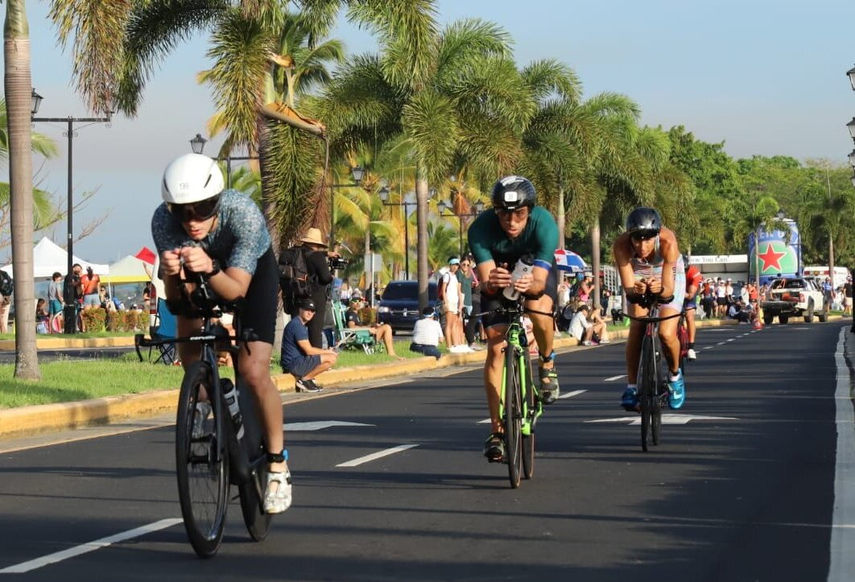 Ironman 70.3 se llevará a cabo el domingo 25 de febrero Ironman 70.3 se llevará a cabo el domingo 25 de febrero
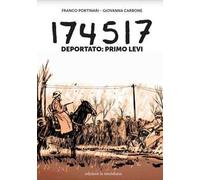 174517. Deportato: Primo Levi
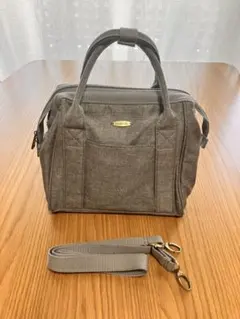 studio CLIP 2WAYバッグ グレー　ショルダー　ハンドのサムネイル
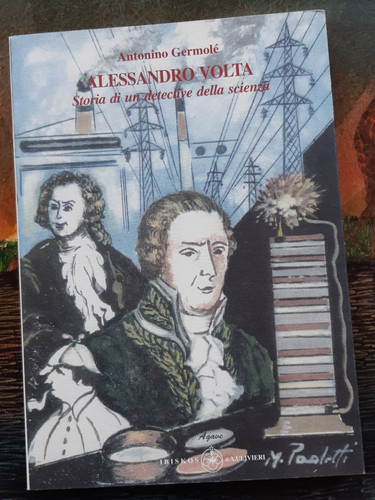Germole alessandro volta - germole',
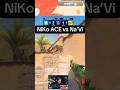 Невероятный #ace от #niko в игре против #natusvincere 🔥🔥🔥 #IEM #melbourne 2025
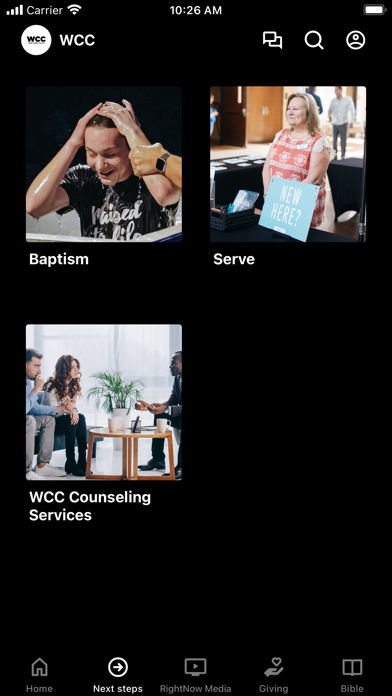 West Cobb Church Screenshot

● **Activity**
In the records above, locate the line with "Germole alessandro volta"; output it and each line after it through the last one, exactly, omitting pictures.

● **Task solution**
Germole alessandro volta - germole',
 Невероятный #ace от #niko в игре против #natusvincere 🔥🔥🔥 #IEM #melbourne 2025
 West Cobb Church Screenshot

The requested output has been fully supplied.